文件读取
1、csv打开方式:Excel、记事本、sublime(适用于大文件)、R语言读取
2、分隔符:逗号、空格、制表符(\t)
文件后缀名只有提示作用,不起决定性作用
3、read.csv()
read.table()
4、数据导出,成表格文件
读取—编辑修改—导出,不要覆盖原文件
5、数据保存格式:Rdata
特点:
①其他软件无法打开
②保存的是变量,不是表格文件。
save()保存 load()加载
save(test,file=”example.Rdata “)
文件存储方式
> #文件读写部分
> #1.读取ex1.txt
> ex1 <- read.table("ex1.txt")
> ex1 <- read.table("ex1.txt",header= T)#识别列名
>
> #2.读取ex2.csv
> ex2 <- read.csv("ex2.csv")
> ex2 <- read.csv("ex2.csv",row.names = 1,check.names = F)
> #R不能识别-,故变成.。所以需要加参数
>
> #注意:row.names的数据框不允许重复的行名
> rod = read.csv("rod.csv",row.names = 1)

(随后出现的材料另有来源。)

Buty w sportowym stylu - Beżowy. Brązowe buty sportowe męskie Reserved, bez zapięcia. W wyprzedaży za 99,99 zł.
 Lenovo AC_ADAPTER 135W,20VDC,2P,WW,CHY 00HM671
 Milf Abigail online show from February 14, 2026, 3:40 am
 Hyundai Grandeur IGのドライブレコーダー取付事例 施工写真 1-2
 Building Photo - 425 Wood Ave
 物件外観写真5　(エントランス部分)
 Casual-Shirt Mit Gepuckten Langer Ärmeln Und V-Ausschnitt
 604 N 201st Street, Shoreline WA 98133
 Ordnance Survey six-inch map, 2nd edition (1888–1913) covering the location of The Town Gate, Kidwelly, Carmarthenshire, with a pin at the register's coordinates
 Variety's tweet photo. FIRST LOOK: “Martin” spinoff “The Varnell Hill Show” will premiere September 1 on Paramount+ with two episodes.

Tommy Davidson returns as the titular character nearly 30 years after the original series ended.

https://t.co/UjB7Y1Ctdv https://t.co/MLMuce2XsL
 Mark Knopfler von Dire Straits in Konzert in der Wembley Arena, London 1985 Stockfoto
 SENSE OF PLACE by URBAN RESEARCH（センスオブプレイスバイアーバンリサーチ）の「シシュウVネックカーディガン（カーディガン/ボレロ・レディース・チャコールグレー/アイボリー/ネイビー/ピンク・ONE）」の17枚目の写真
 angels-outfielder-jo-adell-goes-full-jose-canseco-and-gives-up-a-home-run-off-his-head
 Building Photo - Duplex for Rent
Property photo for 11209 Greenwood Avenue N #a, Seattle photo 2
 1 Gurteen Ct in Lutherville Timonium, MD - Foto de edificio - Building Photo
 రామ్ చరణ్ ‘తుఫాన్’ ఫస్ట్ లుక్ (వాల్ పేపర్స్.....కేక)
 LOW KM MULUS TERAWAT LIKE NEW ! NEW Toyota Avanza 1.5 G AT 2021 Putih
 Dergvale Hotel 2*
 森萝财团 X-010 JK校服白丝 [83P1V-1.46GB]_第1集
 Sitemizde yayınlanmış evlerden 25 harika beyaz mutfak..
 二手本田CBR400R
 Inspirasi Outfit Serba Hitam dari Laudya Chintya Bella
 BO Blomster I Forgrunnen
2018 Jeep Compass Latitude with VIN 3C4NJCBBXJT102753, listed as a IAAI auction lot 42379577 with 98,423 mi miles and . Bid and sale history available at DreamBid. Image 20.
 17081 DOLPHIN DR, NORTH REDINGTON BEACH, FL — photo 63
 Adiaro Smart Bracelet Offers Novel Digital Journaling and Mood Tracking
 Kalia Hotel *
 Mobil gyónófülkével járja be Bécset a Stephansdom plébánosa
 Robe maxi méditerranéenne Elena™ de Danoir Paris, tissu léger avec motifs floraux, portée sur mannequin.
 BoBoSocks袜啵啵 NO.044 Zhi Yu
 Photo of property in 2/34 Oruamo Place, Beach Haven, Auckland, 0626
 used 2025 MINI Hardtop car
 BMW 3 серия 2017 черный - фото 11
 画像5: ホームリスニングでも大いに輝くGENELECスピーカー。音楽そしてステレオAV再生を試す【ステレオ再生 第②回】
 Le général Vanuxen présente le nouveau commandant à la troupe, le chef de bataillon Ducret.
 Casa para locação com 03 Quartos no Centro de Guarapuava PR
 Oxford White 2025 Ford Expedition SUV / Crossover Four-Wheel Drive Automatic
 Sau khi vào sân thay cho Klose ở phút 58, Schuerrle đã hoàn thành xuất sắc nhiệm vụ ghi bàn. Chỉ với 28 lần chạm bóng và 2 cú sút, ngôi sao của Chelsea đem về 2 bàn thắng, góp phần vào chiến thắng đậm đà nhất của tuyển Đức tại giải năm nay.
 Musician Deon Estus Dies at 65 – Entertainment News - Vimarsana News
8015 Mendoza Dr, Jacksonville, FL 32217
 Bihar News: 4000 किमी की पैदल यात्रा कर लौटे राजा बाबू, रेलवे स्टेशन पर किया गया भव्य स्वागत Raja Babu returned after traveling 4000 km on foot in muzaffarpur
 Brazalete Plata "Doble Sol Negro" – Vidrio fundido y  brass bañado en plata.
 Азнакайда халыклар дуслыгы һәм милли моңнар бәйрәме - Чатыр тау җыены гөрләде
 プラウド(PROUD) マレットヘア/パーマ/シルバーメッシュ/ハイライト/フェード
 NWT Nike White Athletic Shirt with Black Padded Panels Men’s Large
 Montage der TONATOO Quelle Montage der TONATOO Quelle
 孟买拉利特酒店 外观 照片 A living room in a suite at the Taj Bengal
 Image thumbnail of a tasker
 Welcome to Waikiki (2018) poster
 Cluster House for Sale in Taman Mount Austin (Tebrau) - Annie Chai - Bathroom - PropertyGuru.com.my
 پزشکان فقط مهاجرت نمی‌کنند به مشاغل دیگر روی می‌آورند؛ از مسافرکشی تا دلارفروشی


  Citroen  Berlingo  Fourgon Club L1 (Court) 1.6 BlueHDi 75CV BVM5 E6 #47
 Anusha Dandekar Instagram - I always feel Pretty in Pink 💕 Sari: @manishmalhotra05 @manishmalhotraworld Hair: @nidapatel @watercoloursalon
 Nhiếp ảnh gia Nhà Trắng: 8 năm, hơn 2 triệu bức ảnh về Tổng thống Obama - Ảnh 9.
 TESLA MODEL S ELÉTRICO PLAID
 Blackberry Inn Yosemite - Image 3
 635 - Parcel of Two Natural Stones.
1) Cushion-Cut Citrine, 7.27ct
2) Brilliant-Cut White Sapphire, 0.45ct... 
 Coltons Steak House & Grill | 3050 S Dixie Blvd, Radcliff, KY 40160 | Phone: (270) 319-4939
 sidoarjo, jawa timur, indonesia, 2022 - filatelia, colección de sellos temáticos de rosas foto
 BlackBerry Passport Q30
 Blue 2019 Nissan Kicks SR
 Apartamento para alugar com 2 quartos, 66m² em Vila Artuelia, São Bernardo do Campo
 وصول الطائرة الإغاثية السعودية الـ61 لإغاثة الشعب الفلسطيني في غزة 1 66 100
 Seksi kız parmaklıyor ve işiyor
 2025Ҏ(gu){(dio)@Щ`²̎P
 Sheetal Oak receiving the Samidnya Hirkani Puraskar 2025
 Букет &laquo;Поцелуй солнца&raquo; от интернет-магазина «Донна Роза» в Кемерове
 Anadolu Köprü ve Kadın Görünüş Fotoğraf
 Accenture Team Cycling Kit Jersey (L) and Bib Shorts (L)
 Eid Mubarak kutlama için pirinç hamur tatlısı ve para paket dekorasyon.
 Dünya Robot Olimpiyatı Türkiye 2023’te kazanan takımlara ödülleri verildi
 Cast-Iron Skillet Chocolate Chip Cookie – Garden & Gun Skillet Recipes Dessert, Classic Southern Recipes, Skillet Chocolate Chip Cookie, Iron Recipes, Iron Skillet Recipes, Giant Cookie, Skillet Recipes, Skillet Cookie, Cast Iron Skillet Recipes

Error in read.table(file = file, header = header, sep = sep, quote = quote, :
'row.names'里不能有重复的名字
> rod = read.csv("rod.csv")
>
> #3.读取soft.txt
> soft <- read.table("soft.txt")
Error in scan(file = file, what = what, sep = sep, quote = quote, dec = dec, :
line 2 did not have 5 elements
> soft <- read.table("soft.txt",header = T,fill = T)
> #其实不对,sep会将看不见的符号(空格、制表符)等情况识别为分隔符
> soft2 <- read.table("soft.txt",header = T,sep = "\t")
> #需要再增加参数sep = "\t",才能避免入坑
>
> #4.soft 的行数列数是多少?列名是什么
> dim(soft)
[1] 1000 5
> colnames(soft)
[1] "ID" "SEQUENCE" "GeneName"
[4] "GB_ACC" "SPOT_ID"
>
> #5.将soft导出为csv
> write.csv(soft,file = "soft.csv")
>
> #6.将soft保存为Rdata并加载。
> save(soft,file = "soft.Rdata")
> rm(list = ls()) #soft现在在同个文件夹,所以需要清空
> load(file = "soft.Rdata")
>
练习
> 练习5-1:
错误: unexpected input在"练习5-1:"里
> # 1.读取complete_set.txt(已保存在工作目录)
> x=read.table('complete_set.txt',header = T)
> # 2.查看有多少行、多少列
> dim(x)
[1] 50 20
> # 3.查看列名
> colnames(x)
[1] "geneA" "geneB" "geneC" "geneD" "geneE" "geneF"
[7] "geneG" "geneH" "geneI" "geneJ" "geneK" "geneL"
[13] "geneM" "geneN" "geneO" "geneP" "geneQ" "geneR"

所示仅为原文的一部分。